___ SUPPLIED RECORDS ___

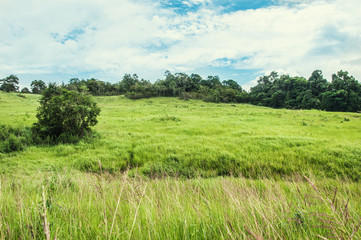 Fototapeta na wymiar Heavy dew fills this prairie tall grass scene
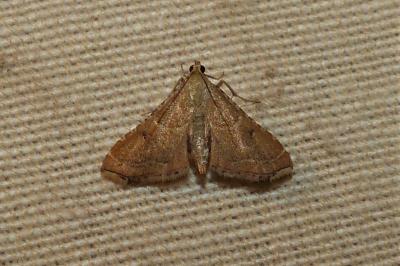 <i>Endotricha flammealis</i>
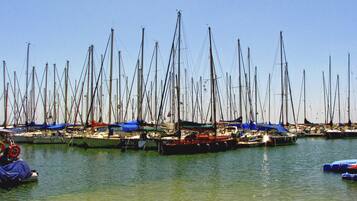 A marina with numerous sailboats docked.
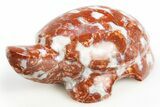 Polished Red Flower Marble Turtle - India #311881-1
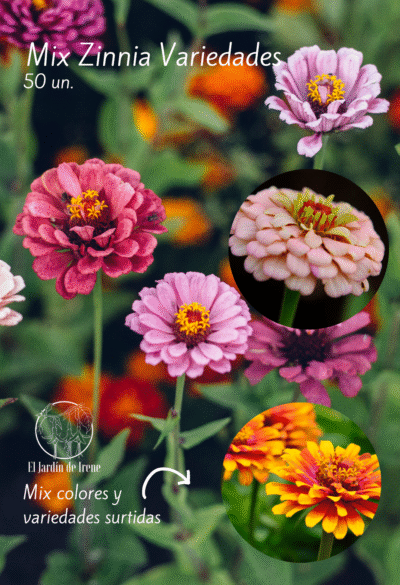 Zinnia Mix Colores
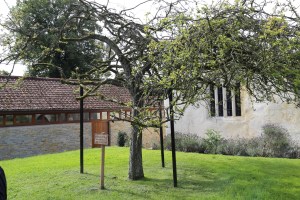 The thorn planted by Joseph of Aramathea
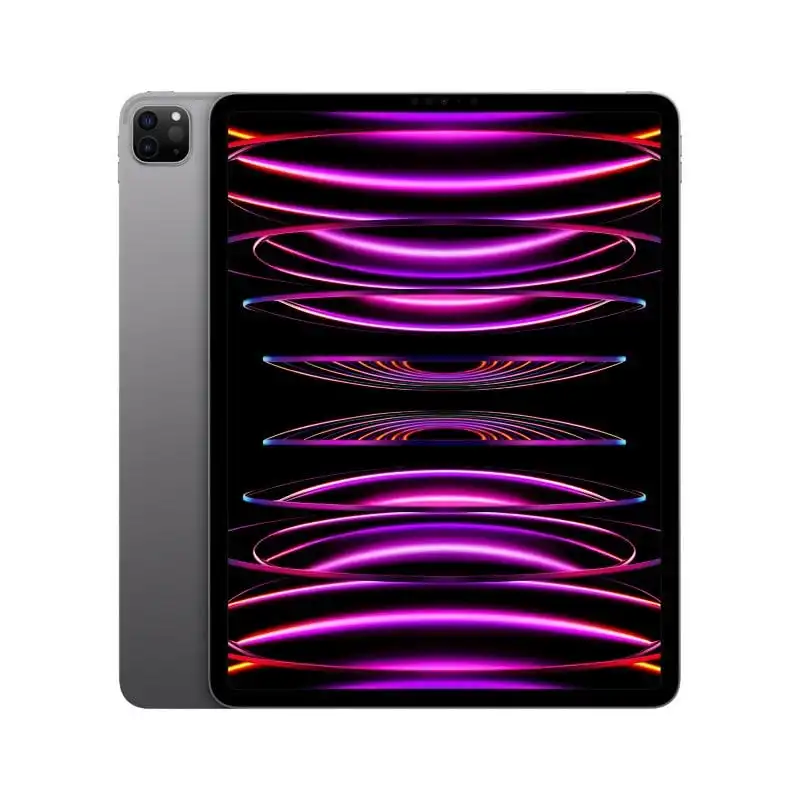 Apple iPad Pro 2022 12.9" WiFi 256GB Gris Espacial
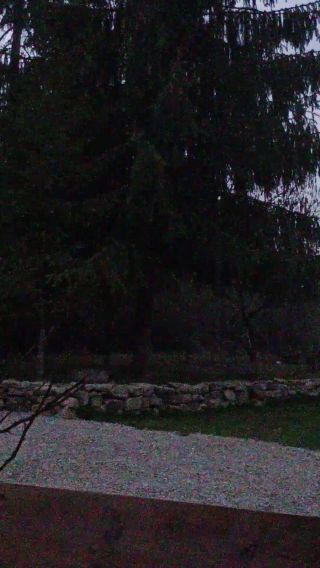 VID_20230324_181054199.mp4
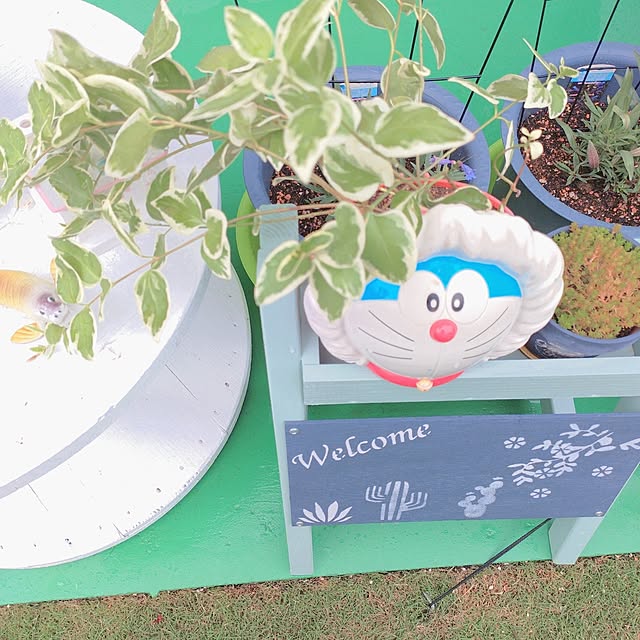 Miyumamaさんの部屋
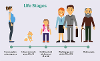Infographic showing life stages from preconception to older people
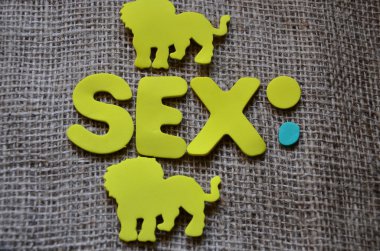 sexo de la palabra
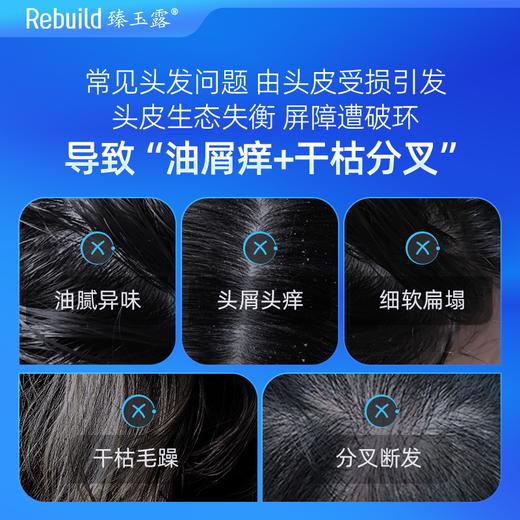 臻玉露Rebuild生姜氨基酸润养洗发露+护发精华乳 商品图2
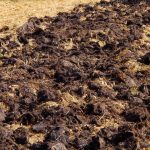 Η συγκομιδή θα είναι διπλάσια: τι είδους κοπριά εφαρμόζουν οι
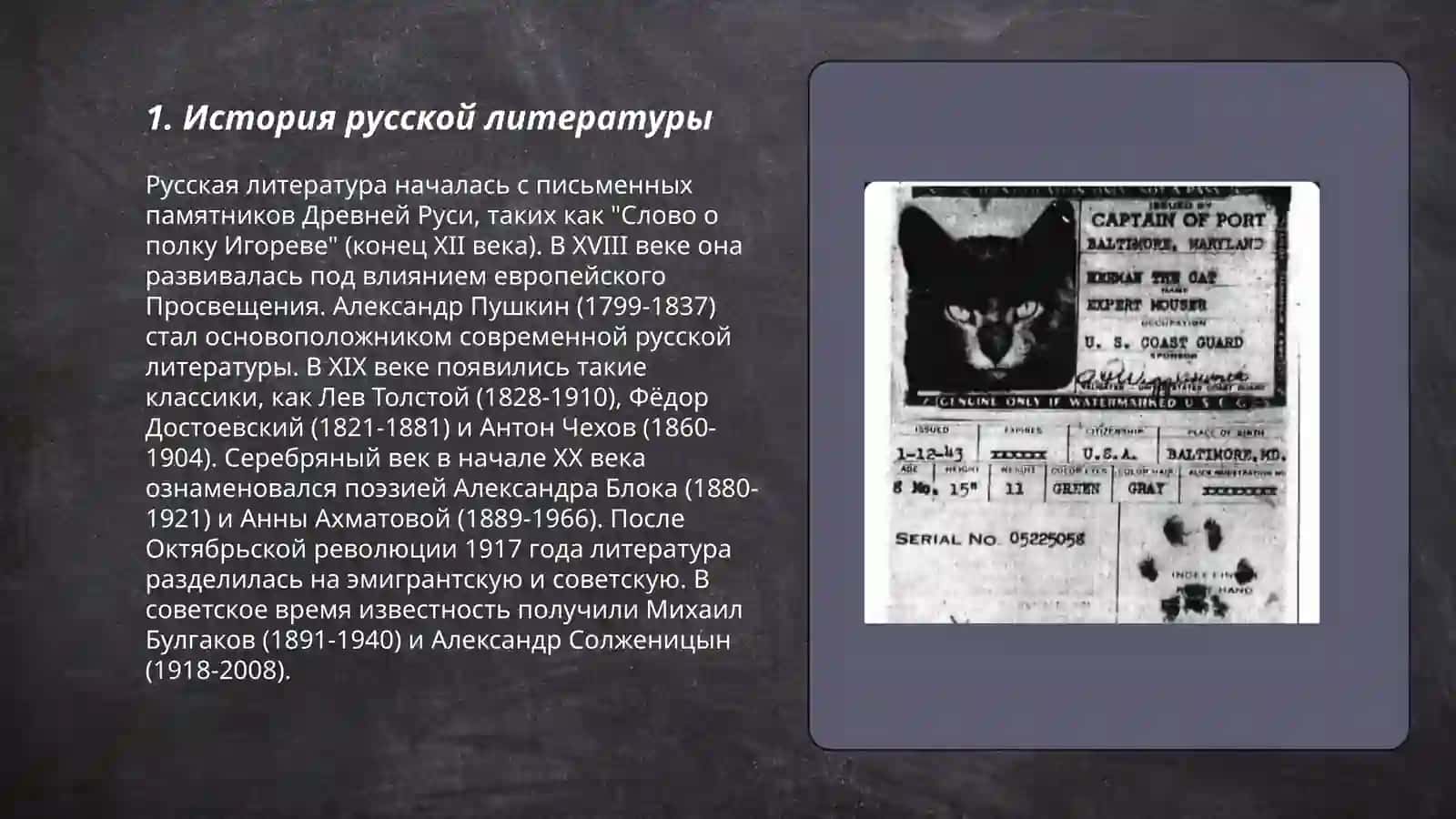 История русской литературы 3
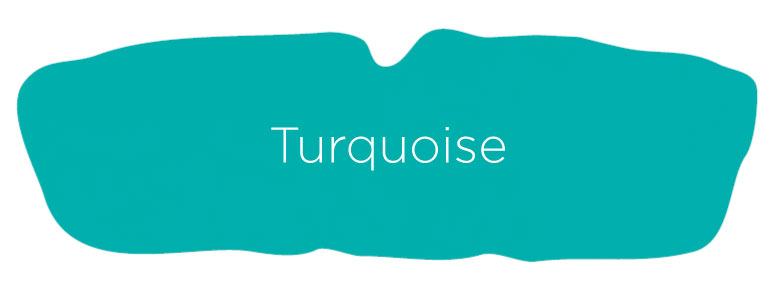 Turquoise-Sports-Guard Turquoise-Sports-Guard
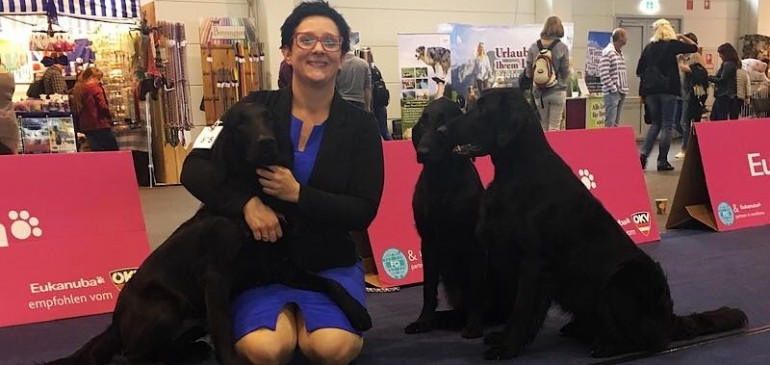 Double CACIB Tulln 2016 – not so bad again :)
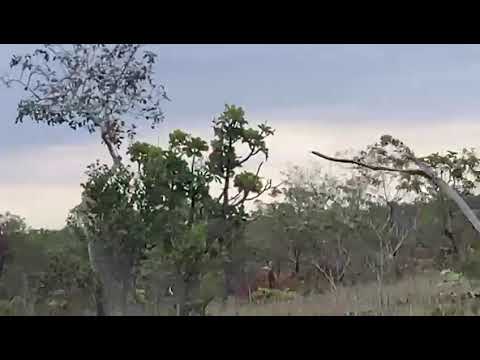 Excelente fazenda dupla aptidão Lizarda-Tocantins 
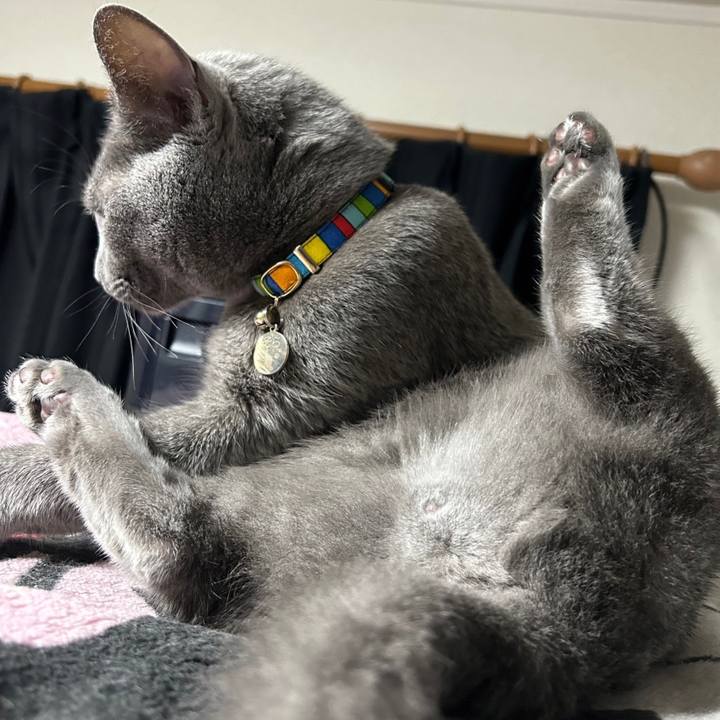 11f33ceb cf78 4b47 af4d b7956f37af82 1702112486332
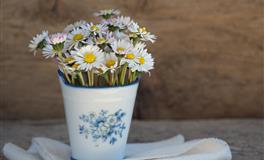 静电鱼巨蟹座每周运势（12.20-12.26）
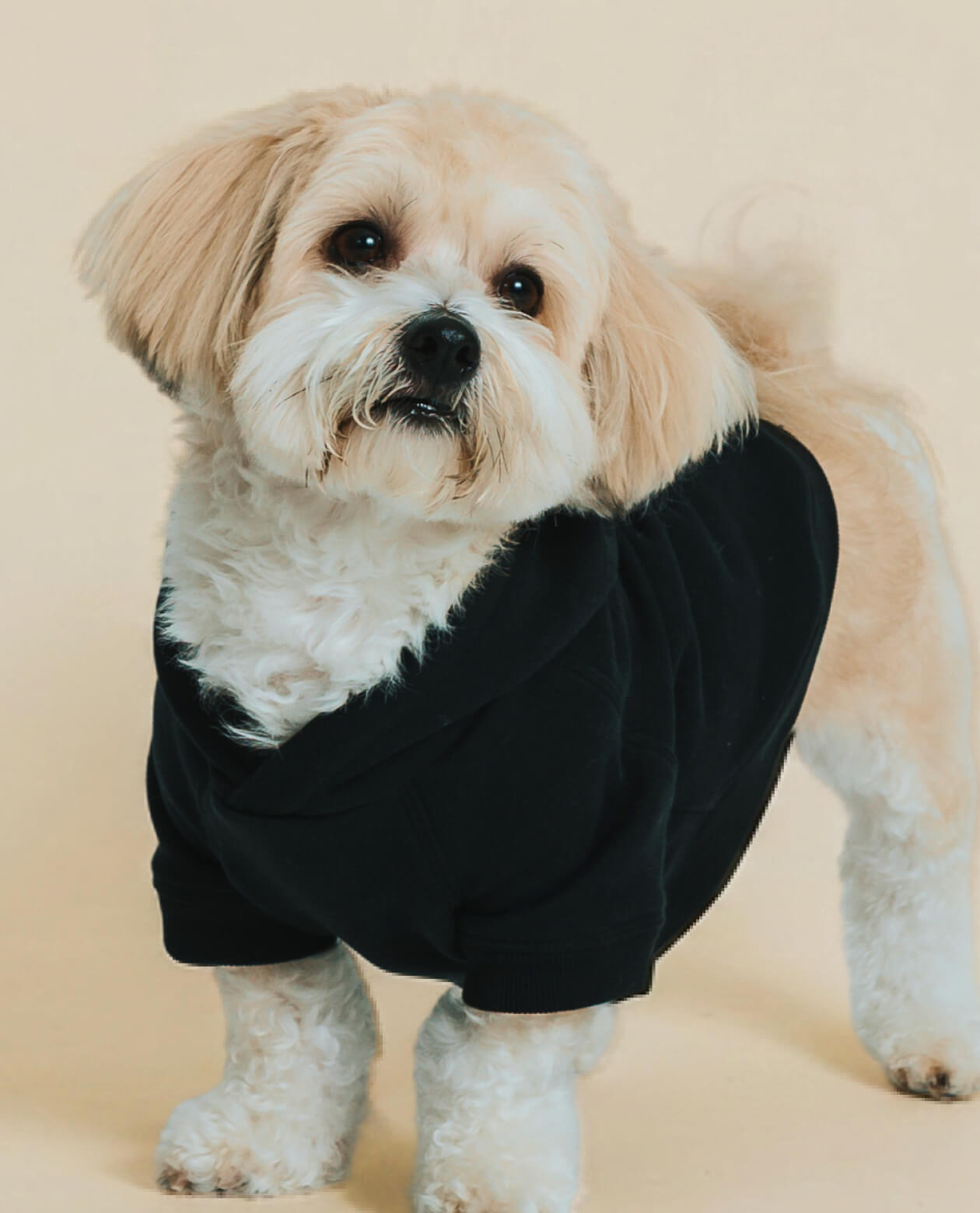 Classic Hoodie - Black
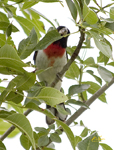 Rose Breasted Grosbeak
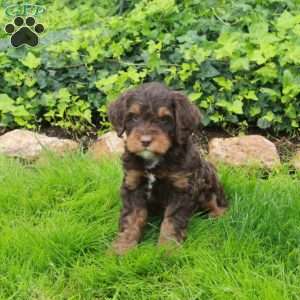 Diego, Mini Bernedoodle Puppy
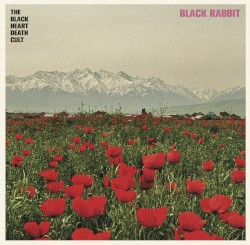 Black Rabbit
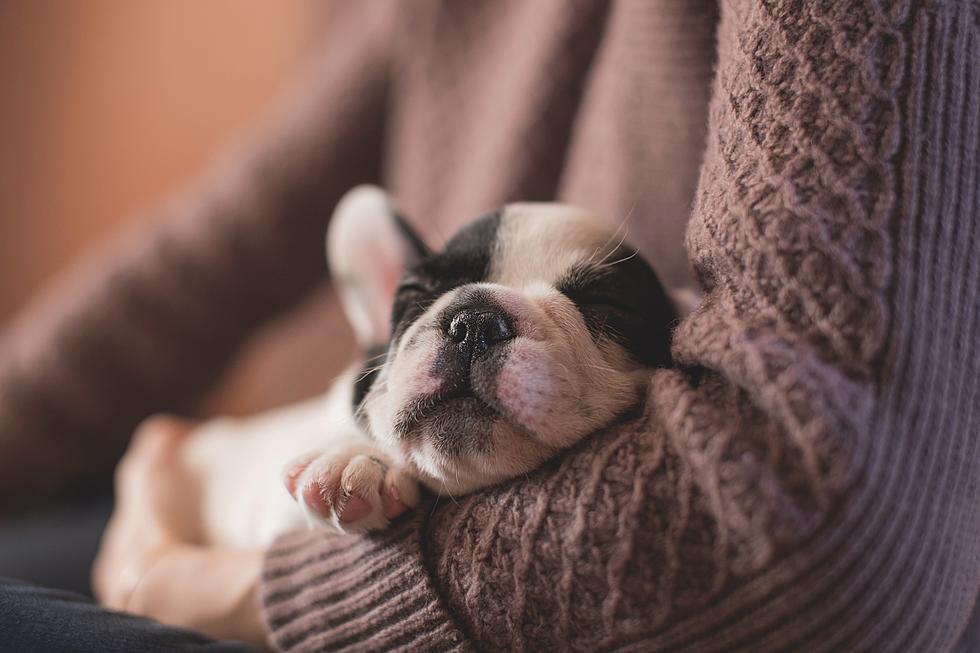 Is Your Pup Considered The Most Spoiled Breed of Dog?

___

Pictures stay out. Repeat only the lines from the beginning of the data through the line that has "Infographic showing life".

RESPONSE TO THIS TASK -
 Fototapeta na wymiar Heavy dew fills this prairie tall grass scene
 <i>Endotricha flammealis</i>
 A marina with numerous sailboats docked.
 Polished Red Flower Marble Turtle - India #311881-1
 Zinnia Mix Colores
 The thorn planted by Joseph of Aramathea
 Apple iPad Pro 2022 12.9" WiFi 256GB Gris Espacial
 VID_20230324_181054199.mp4
 Miyumamaさんの部屋
Infographic showing life stages from preconception to older people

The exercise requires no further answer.